[[ Dataset excerpt open ]]

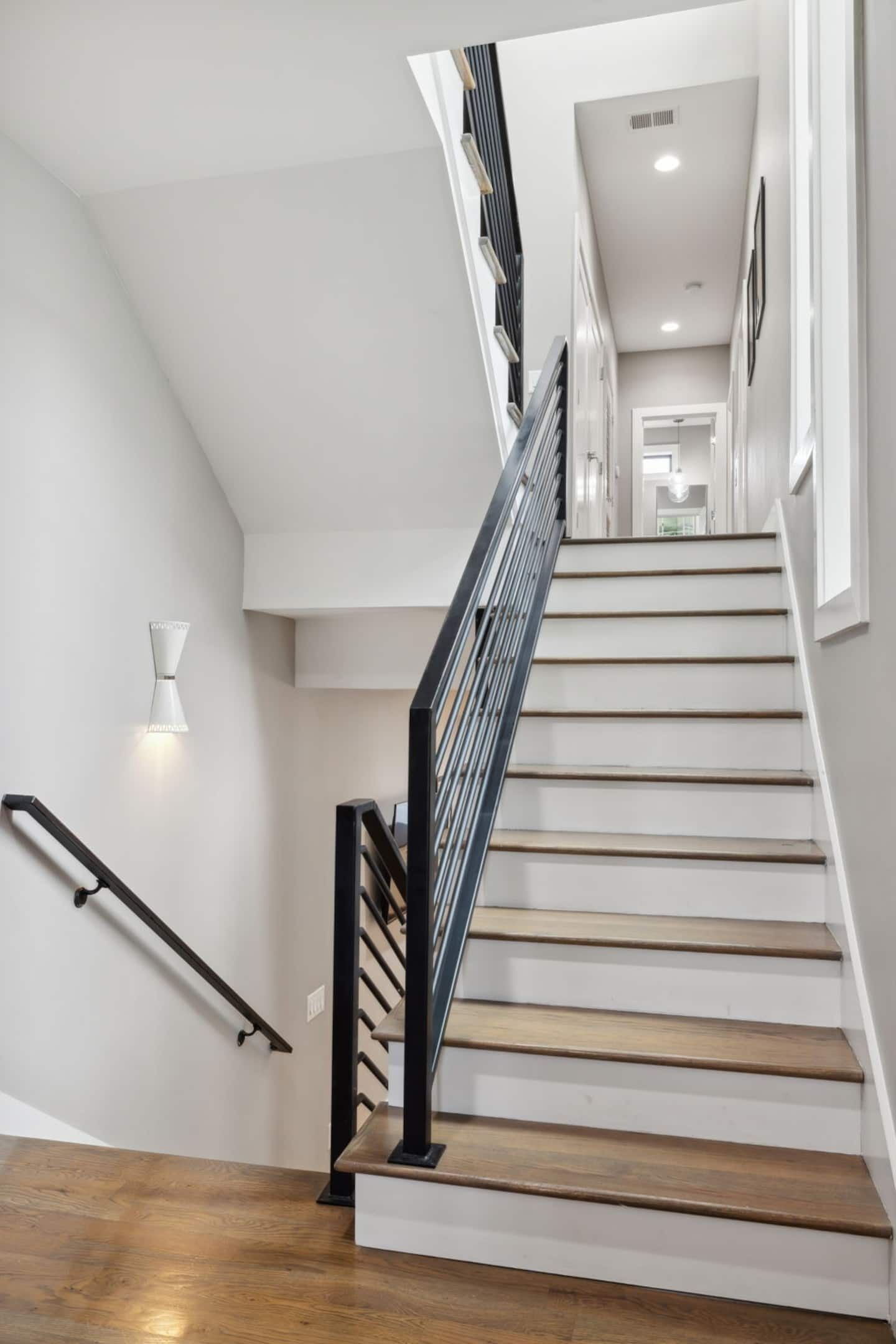 A staircase with wooden steps and a black handrail, leading to a landing with a light fixture.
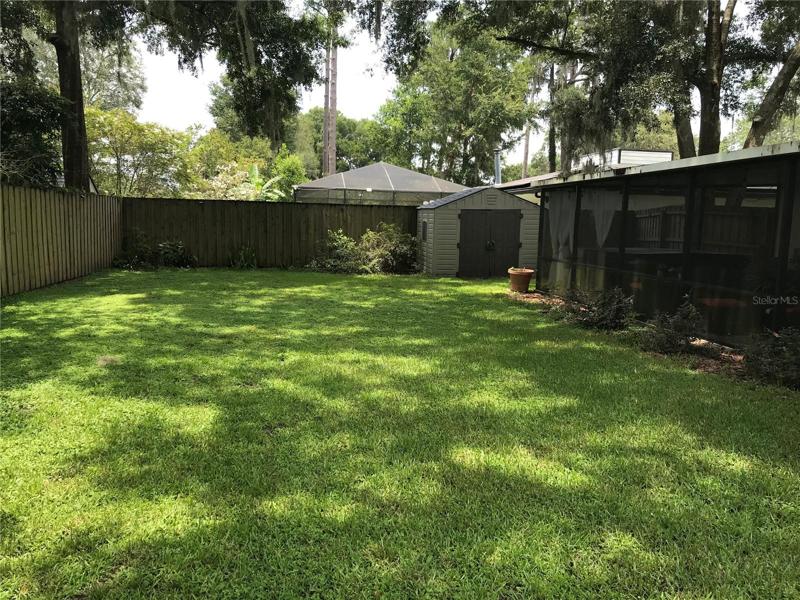 lush back yard with storage shed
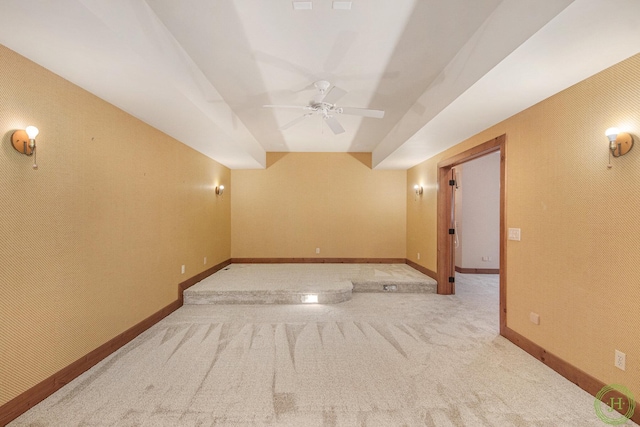 empty room featuring light colored carpet and ceiling fan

[[ Dataset excerpt closed ]]

Assigned task: Without any pictures, return the material above exactly.

Written reply:
 A staircase with wooden steps and a black handrail, leading to a landing with a light fixture.
 lush back yard with storage shed
 empty room featuring light colored carpet and ceiling fan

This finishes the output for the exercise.